Now, with the advent of social media and the internet, and the movement for paperless offices and homes, more and more of our personal belongings, businesses and personal lives are shared on the internet. Many people store all of their digital photos on their computers, and post personal content on their Facebook and Twitter pages, as well as their personal websites and blogs. Many people also manage their finances on the internet, through internet banking, paying bills, doing money transfers and receiving statements online. Finally, many people make a living on the internet, with ecommerce and through their websites and blogs. The question is, what happens to all of these digital assets after you pass away?
The answer, unfortunately, is like many conundrums in life: it depends. For most hosted products like web hosting (for your websites and blogs), the content belongs to the user, and it is up to the user to appoint a digital executor to deal with this asset upon his or death. However, when it comes to the large social media companies such as Facebook, Twitter, Google and Yahoo, each company has its own user agreement, and each provides for different rights to web content upon a user’s death. In most cases, these companies claim ownership of the content that you post. However, this does not prevent you from backing up all posted content in your own offline accounts and then entrusting your digital executor to deal with these assets upon your death.

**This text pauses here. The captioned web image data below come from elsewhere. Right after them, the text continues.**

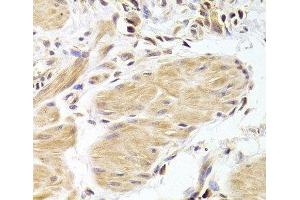 Immunohistochemistry of paraffin-embedded Human gastric cancer using Caspase-2 Polyclonal Antibody at dilution of 1:100 (40x lens). (Caspase 2 Antikörper)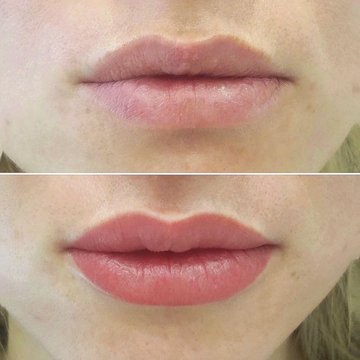 lippen tatoeëren nadelen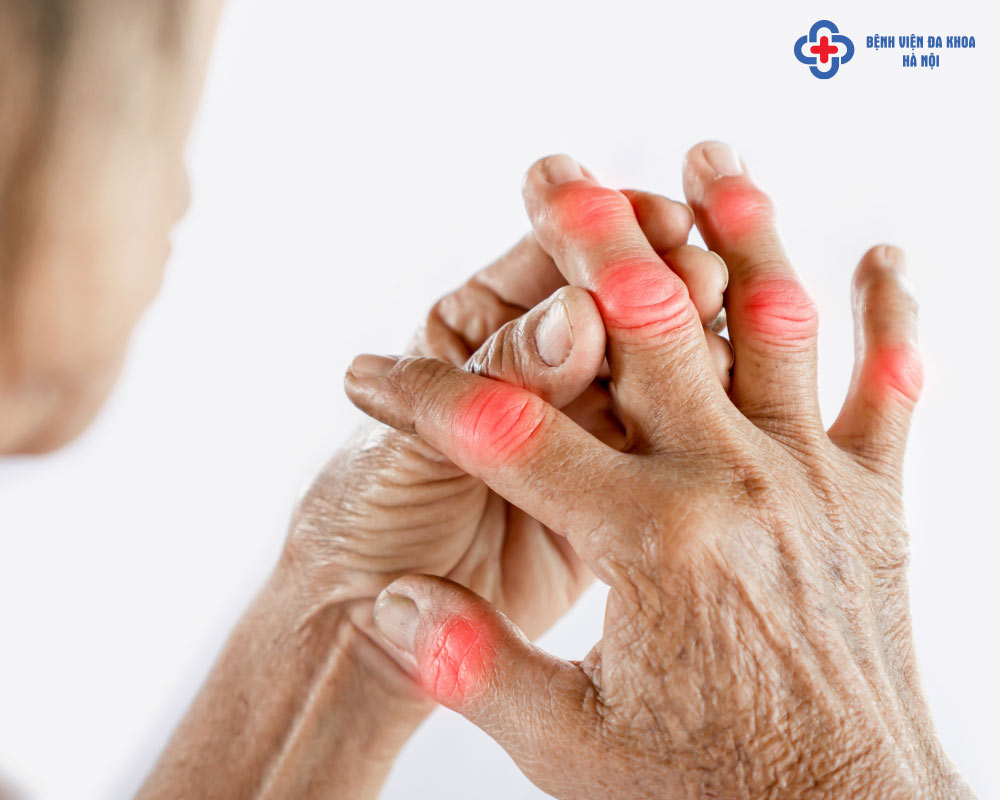Gout là bệnh tổn thương ở khớp, tất cả các khớp nhưng thường bị ở ngón tay ngón chân nhiều hơn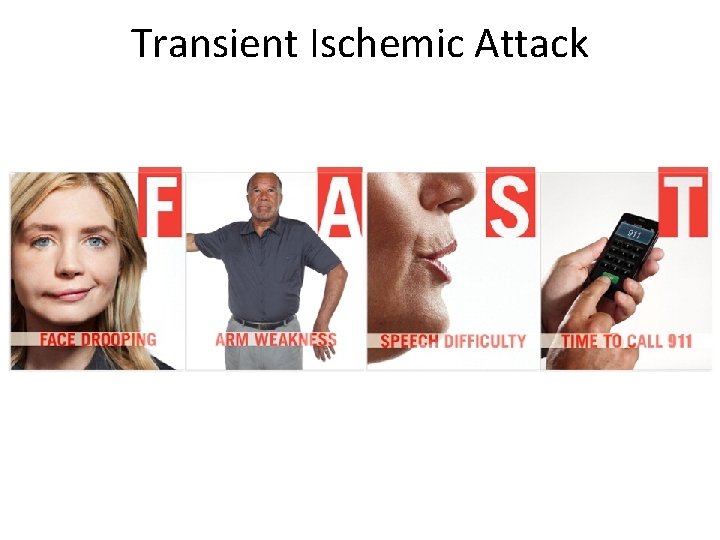 Transient Ischemic Attack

Facebook has recently changed its policy so that it provides the following options:
1. You can make a request as a close family member or executor to Facebook to memorialize the deceased’s person’s account so that only friends can see the profile and locate it in a Search. The profile will remain active for friends to post memories and condolences.
2. You can make a request as a close family member or executor to Facebook to delete the user account, removing the profile and all associated content from Facebook so that nobody can view it.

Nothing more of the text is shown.